FISCO (Financial Blockchain Shenzhen Consortium) is a non-profit organization dedicated to exploring the use of blockchains for financial applications. It is led by over 20 financial institutions and financial technology companies. It was established on May 31, 2016. As of Dec 29, 2017, around 80 members were in the consortium from financial and Fintech industry. The  FISCO website was launched on Nov 17, 2016.

Governance 
The General Assembly is the Consortium's highest authority. The standing committee, or the Presidium, is accountable to the General Assembly. It leads the Consortium and conducts day-to-day work while the General Assembly is not in session. The Technical Committee is the subsidiary body of the Presidium, and is in charge of technology issues. The Technology Standardization Work Committee is in charge of project approval, drafting standards, standards examination, approval and publication.  The Advisory Committee is in charge of organizing external experts to participate in the research and discussion of technology and standards.

Projects 
FISCO has established research projects in areas including credit, equity, loyalty points system, insurance, commercial bills, cloud service, digital assets, and wealth management issuance and trading.

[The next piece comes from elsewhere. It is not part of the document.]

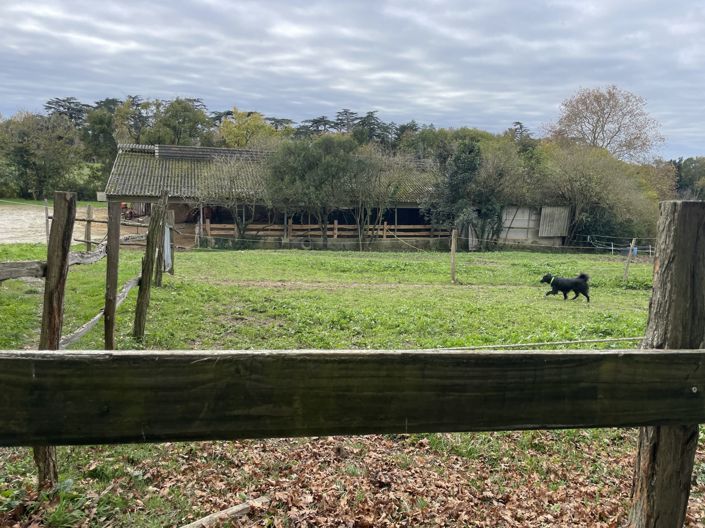 Image No.22-Maison de 4 chambres à vendre à Castillon-Debats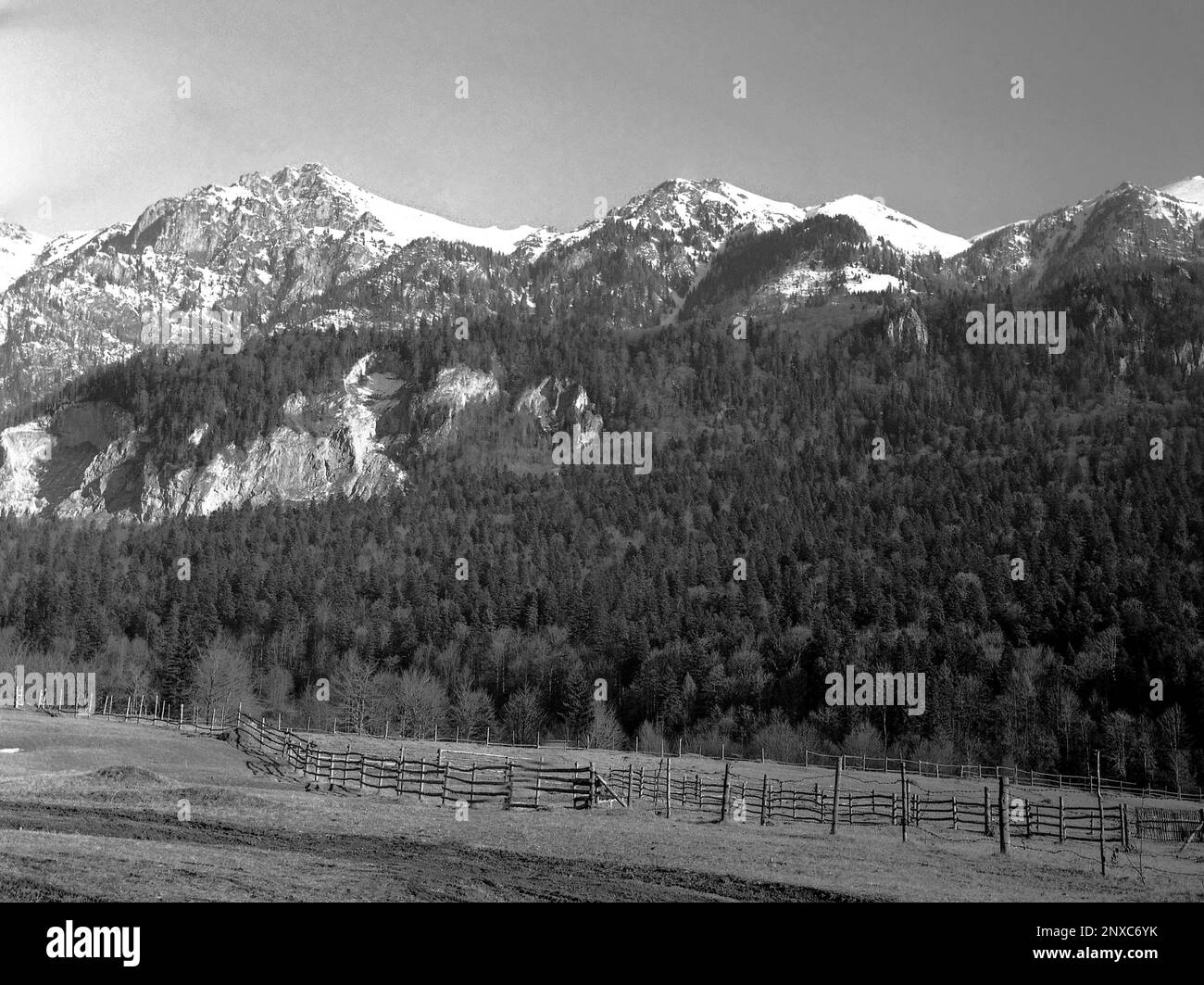 Roumanie, environ 1974. Vue sur les montagnes Bucegi avec de la neige au sommet. Banque D'Images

Some projects have launched prototypes. FISCO published its propositions for financial distributed ledger in Nov 2016. For the development of distributed ledgers, the paper proposed five principles: legal compliance, traceability, security, privacy protection and business driven; and seven propositions: value alliance, autonomy and controllability, security and reliability, high efficiency and availability, business feasibility, flexibility, portability and Regtech ready.

Members 
Among the members are:

Shenzhen Fin-Tech Association
WeBank
Shenzhen Securities Communication Co. Ltd (SSCC)
Tencent
 Beyondsoft
Huawei
 Digital China
 Forms Syntront
 Yuexiu FinTech

Product 
FISCO BCOS was implemented on top of BCOS with features customized for the financial industry. In December 2017, it was published as an open source blockchain platform. In 2018, FISCO BCOS was brought into practical use as application for the Reconciliation and Digital Escrow area. FISCO BCOS is based on a customized Ethereum.

History 
In June 2016 FISCO was established. In August 2016 FISCO launched a reconciliation platform utilizing blockchain technology. In December 2017 the FISCO open source working group was formed and FISCO BCOS was launched. In February 2018 FISCO launched a digital escrow application for Guangzhou Arbitration Commission. In March 2018 FISCO reached more than 90 members.